■ EXERCISE BRIEF: Please write out only the lines from the line with "Koyu Gri Normal" to the line with "A colorful toy", inclusive, exactly as they stand below, without the pictures.

■ EXTRACTED RECORDS:
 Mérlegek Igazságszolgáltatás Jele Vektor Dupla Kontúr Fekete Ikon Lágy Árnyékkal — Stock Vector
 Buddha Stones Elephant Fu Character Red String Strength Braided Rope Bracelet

---

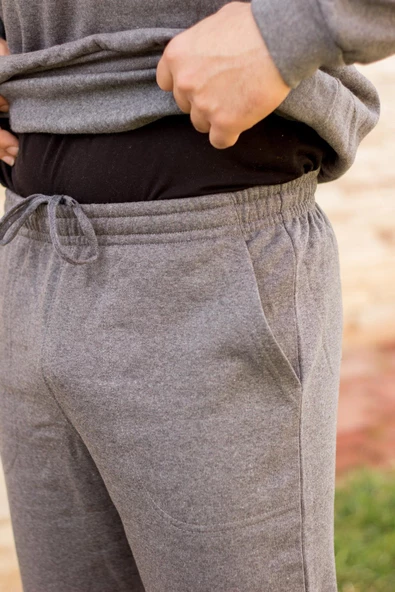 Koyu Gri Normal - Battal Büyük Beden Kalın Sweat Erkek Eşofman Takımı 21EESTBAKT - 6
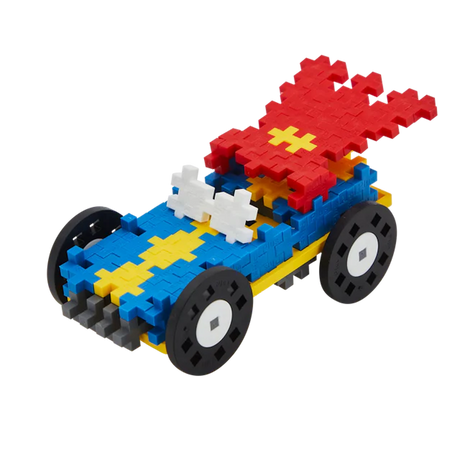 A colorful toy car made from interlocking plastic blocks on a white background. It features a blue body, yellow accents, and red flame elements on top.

...

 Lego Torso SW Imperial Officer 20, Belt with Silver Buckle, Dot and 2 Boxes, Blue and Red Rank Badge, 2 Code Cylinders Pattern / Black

■ RESPONSE AREA:
 Koyu Gri Normal - Battal Büyük Beden Kalın Sweat Erkek Eşofman Takımı 21EESTBAKT - 6
 A colorful toy car made from interlocking plastic blocks on a white background. It features a blue body, yellow accents, and red flame elements on top.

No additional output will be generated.